I dread off-site company get-togethers. This summer I was really self-conscious at a beach day, where we were expected to wear bathing suits. I don't want to bare myself (or my imperfections) in front of colleagues—or get the worst score at the bowling party. But I'd be noticed (in a bad way) if I opted out of these "fun" events. — Anonymous, New York
There's a lot of talk these days about the current trend of blurring work and personal life—the continuous BlackBerry connection to the office, the piling up of unused vacation time.
A stress on socializing, too, comes with this new merged world, according to Ellen Galinsky, president of the Families & Work Institute, which researches workplace trends. "Companies see it as a community-building thing," she says, "not the old patriarchal Christmas party."
Some employees are happy to reveal their "selves" at work.

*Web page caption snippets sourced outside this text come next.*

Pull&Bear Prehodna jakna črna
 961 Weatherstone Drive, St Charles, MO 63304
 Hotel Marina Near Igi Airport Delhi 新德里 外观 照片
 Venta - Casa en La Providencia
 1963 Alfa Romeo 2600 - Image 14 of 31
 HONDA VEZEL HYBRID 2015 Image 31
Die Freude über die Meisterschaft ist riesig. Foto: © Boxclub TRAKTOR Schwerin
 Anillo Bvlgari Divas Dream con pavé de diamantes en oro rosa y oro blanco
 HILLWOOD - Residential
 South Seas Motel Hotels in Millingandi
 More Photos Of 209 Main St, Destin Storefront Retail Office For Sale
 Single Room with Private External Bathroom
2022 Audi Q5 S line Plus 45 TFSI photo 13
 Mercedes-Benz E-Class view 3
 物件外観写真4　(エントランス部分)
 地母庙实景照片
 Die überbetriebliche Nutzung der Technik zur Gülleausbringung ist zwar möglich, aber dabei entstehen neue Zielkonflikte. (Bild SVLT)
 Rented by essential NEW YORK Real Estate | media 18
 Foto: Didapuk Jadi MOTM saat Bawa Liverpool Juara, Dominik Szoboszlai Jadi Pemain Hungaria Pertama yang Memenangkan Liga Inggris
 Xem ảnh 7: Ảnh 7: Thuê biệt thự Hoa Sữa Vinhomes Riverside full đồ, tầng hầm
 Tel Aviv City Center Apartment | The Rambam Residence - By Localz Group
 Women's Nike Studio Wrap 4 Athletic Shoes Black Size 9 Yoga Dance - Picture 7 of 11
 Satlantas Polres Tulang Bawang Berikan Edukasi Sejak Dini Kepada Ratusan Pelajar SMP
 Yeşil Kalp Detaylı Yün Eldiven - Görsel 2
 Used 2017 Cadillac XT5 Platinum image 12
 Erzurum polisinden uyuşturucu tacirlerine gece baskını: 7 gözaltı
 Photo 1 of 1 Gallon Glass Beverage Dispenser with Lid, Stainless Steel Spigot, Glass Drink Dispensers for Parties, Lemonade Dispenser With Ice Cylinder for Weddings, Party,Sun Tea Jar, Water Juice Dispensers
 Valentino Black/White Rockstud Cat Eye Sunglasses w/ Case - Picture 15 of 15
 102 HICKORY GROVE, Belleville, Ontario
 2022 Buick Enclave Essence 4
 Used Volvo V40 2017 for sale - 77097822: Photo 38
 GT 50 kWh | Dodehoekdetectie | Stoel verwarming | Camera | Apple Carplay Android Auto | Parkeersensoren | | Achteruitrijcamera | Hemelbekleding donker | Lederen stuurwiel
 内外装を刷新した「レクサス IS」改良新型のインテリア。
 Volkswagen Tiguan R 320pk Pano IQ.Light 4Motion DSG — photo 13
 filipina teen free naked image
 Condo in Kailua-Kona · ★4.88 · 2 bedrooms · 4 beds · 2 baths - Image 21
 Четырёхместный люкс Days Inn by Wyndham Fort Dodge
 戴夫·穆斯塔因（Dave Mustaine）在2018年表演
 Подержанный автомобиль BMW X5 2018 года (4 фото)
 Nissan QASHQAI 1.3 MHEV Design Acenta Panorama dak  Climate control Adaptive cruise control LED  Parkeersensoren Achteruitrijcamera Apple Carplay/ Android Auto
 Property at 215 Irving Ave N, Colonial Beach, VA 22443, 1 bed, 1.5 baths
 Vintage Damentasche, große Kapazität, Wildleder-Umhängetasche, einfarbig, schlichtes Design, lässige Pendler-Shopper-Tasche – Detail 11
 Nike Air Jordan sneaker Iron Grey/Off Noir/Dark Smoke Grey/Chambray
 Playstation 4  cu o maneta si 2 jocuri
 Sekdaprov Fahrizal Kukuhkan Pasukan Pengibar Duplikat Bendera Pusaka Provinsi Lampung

But for others, the permission to open up leads to anxiety and elicits the opposite response: withdrawal.
That's understandable when you're literally exposed in a bathing suit. Our non-physical imperfections are always on display at the office, but there's a special vulnerability in displaying one's body. While you may feel it more than others because of self-consciousness about your looks (or even a worry about being seductive), chances are that many at the beach felt a little odd about being skimpily dressed at a work function. Companies need to be sensitive to the awkwardness they can create in the name of having a good time or providing bonding opportunities.
I'M NOT SAYING THAT such events can't be fun, or a good way to deepen trust, enhance teamwork, and improve morale. But one reason you're tempted to opt out may be that you can't escape the feeling that these social events are really in the realm of work and career advancement—which they are (hence the pressure to opt in).
Nothing wrong with being aware of all that. At the same time, if you're paralyzed by the thought that your every move or utterance at a swim or bowling party is being observed under a microscope—well, that is a problem. Eventually, you might want to grapple with this sort of inhibition, which makes you more rigid under stress. Meanwhile, don't wear anything that makes you feel uncomfortable, period. (I'm at a loss for bowling advice.) In my view, the trend toward merging life and work is neither good nor bad. But for employers and employees alike, it demands a new level of self-awareness.